Early this year, sports organisations and federations registered under the Ministry of Sports in Kenya resolved to prioritise the mental health of athletes to limit gender-based violence cases in the sports industry.
During the Agnes Tirop Conference, federations agreed to prioritise athletes’ mental health by having periodic training and assessment of all the athletes in their respective federations.
Last month, the National Olympic Committee of Kenya (NOCK) signed an agreement with the Chiromo Hospital Group to help provide promotive, preventive, and curative mental health services to the country’s sportsmen and women.
Under the deal, athletes will learn how to manage and control health-related conditions as well as build awareness by way of structured mental health talks.
They will also carry out digitised self-mental health wellness assessments.
Athletes are people too.
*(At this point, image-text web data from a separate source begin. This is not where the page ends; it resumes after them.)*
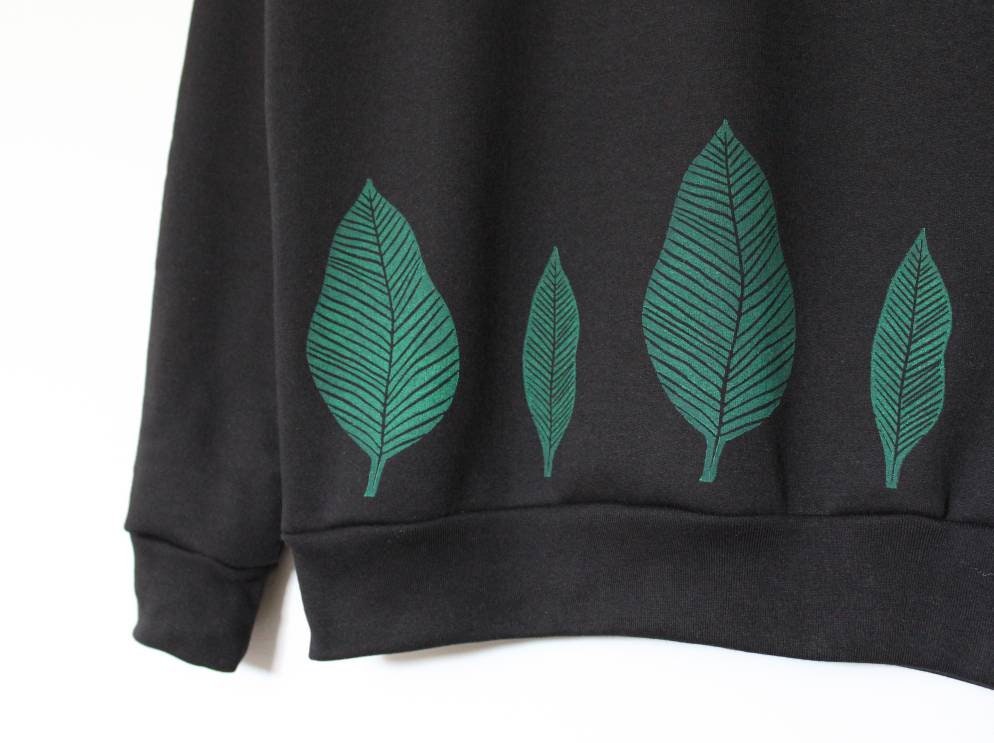 Green leaf sweatshirt, unisex hand printed plant crewneck, block printed leaf pattern, soft fleece jumper, fall clothing, ethical fashion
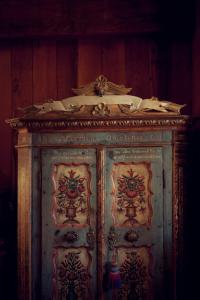 un antiguo armario de madera en una habitación en B&B Villa La Bercia, en San Vigilio Di Marebbe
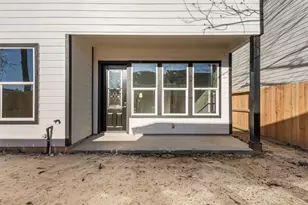 1306 Duff Ln, Houston, TX 77022 - Photo 29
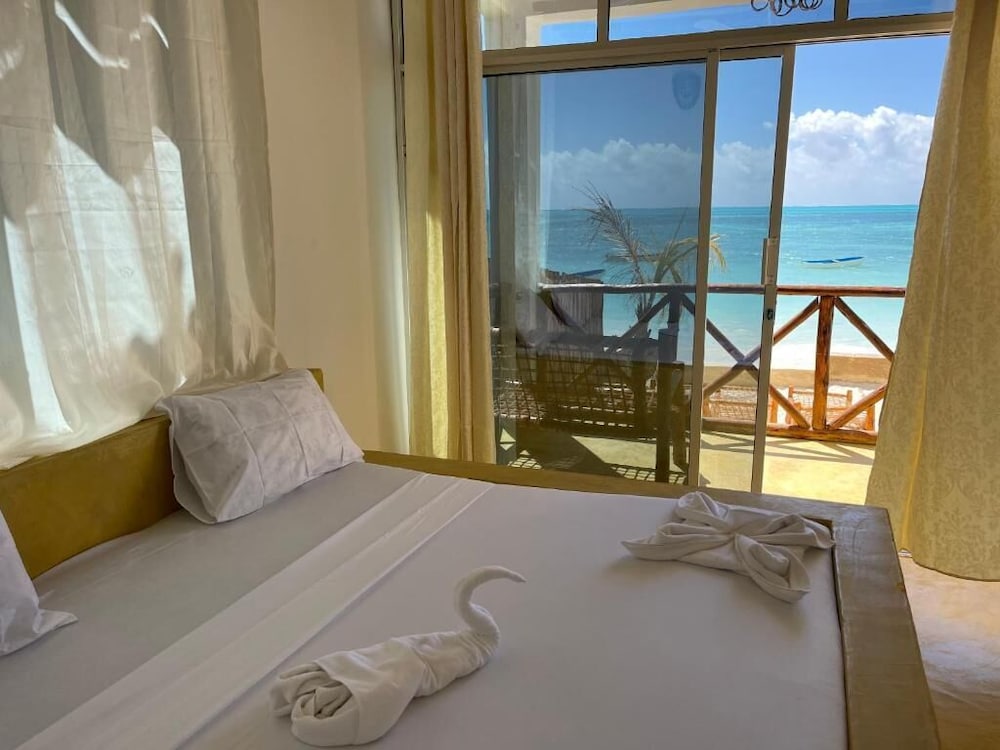Aquelia Rose Hotel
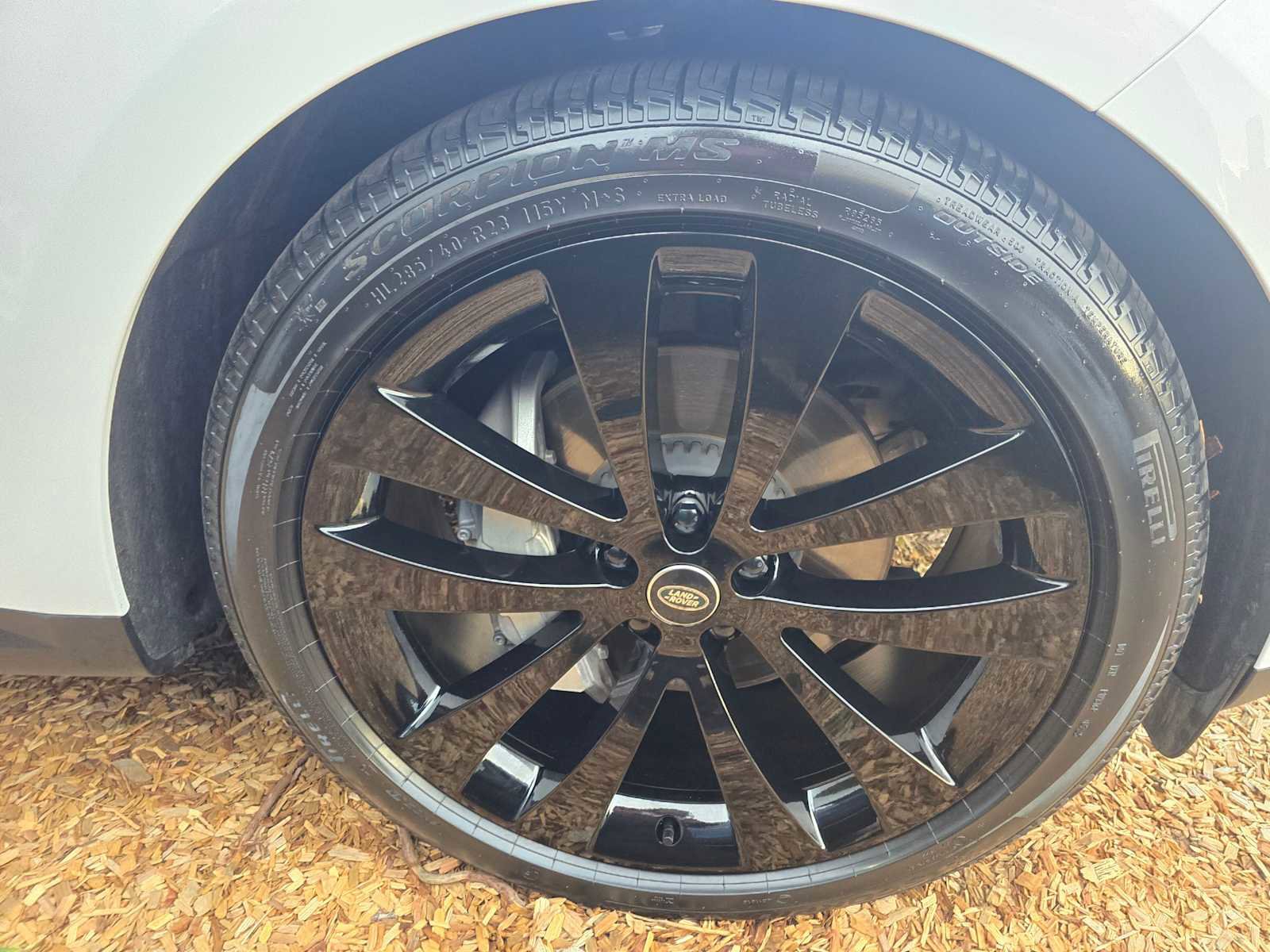 Certified 2025 Land Rover Range Rover Sport SE image 9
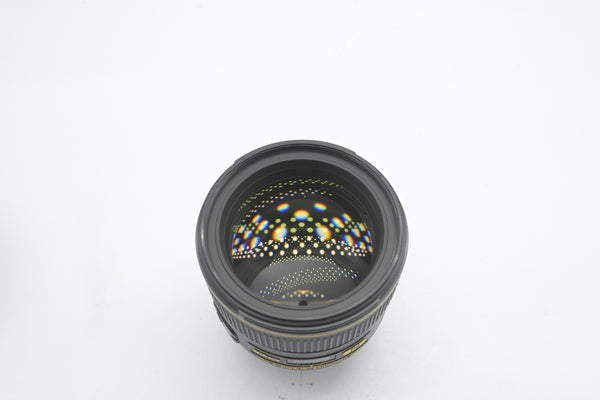 Pre Owned Nikon AF-S 85mm f/1.4G Lens W/ Caps & Hood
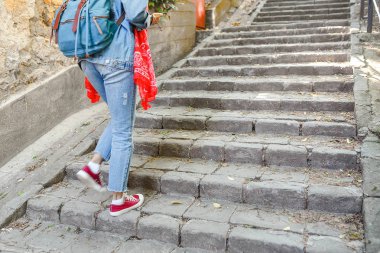 turist kadın tek başına merdivenlerden yukarı yürümek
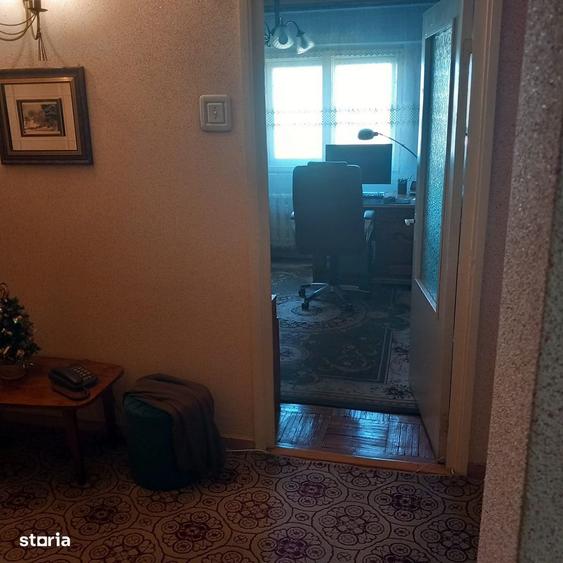 Apartament cu 3 camere decomandat în Hala Centrală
Over-expectation, losing lots of money and assets, injuries, marital issues and doping allegations all have a toll on their mental health.
Reminds me of my taxi man’s tired response when I asked him to speed up. Perhaps having to work at night and not sleeping for almost the whole week, and the over-expectation of perfect service delivery from his clients was taking a mental toll on him as well.